With sssd-2.0.0-4.fc29 - https://bodhi.fedoraproject.org/updates/FEDORA-2018-6b9c9c4f85 - the openQA FreeIPA tests fail: https://openqa.fedoraproject.org/tests/300815 https://openqa.fedoraproject.org/tests/300817 Since the update was pushed stable, the openQA FreeIPA tests for *every* F29 update are failing this way, as they all now use that version of sssd. In the test, a FreeIPA server is deployed on one VM with the domain name as DOMAIN.LOCAL, and a user called 'test1' with the right to login to any host in the domain is created on the server end. Another VM is enrolled as a client in the domain, and once that has completed, the test tries to log in at a console as 'test1' with the correct password. Prior to this update, that worked fine. With this update, the login process seems to get stuck and never completes - the system just sits at this screen: https://openqa.fedoraproject.org/tests/300815#step/freeipa_client/19 until the test times out (I've tried it with timeouts of 10 and 60 seconds, it behaved the same; I'm trying with a timeout of 180 seconds now...before this update, 10 seconds was enough).
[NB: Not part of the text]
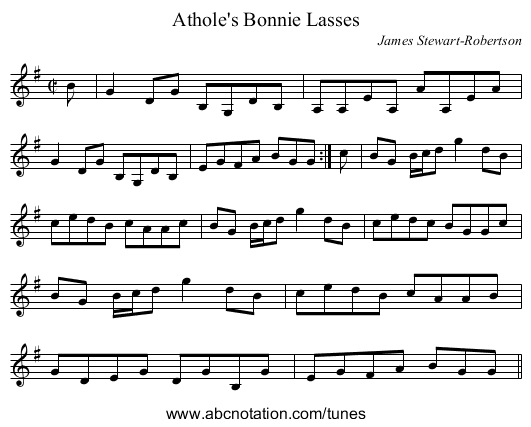 Athole's Bonnie Lasses - staff notation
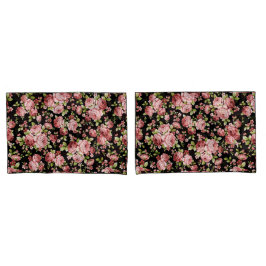 Funda De Cojín Hermosos Rosas de patrones florales con follaje ve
Will attach logs from both server and client ends. I'm also going to see if this affects my own personal setup (I run a FreeIPA domain, and my desktop is F29...)
Doesn't seem to affect my 'live' setup. So, first guess would be that the bug happens when it's the *first* time logging into an account on the system?
Update: I didn't change the timeout setting correctly before. The test by default actually waits 30 seconds for the prompt to appear after entering the password. If I change that timeout to 180, it works; it looks like in the run I just did, it actually took about 38 seconds for the login to succeed. With the previous sssd, it looks like it took about 3 seconds, from the openQA logs.
Created attachment 1499710 [details] client /var/log tarball (from openQA staging job #389236)
Created attachment 1499711 [details] server /var/log tarball (from openQA staging job #389235) Note that in these logs, the attempt to login as test1 happens at about 22:35:29 UTC, which seems to be 18:35:29 in system local time. To view the journal, you can use `journalctl --file var/log/journal/(longstring)/system.journal --utc`. Just press tab to fill in "(longstring)". These logs are from one of the tests where the login timeout was set to 30 seconds, so the login failed. I don't have logs from the case where the timeout was extended and the login succeeds right now, but could adjust the test to upload them if desired.
Would it be possible to adjust the tests to include debug_level=9 in all sections in sssd.conf? Currently the logs are empty.
Sorry, I looked at the server logs. The client logs are ok.Removing the needinfo flag.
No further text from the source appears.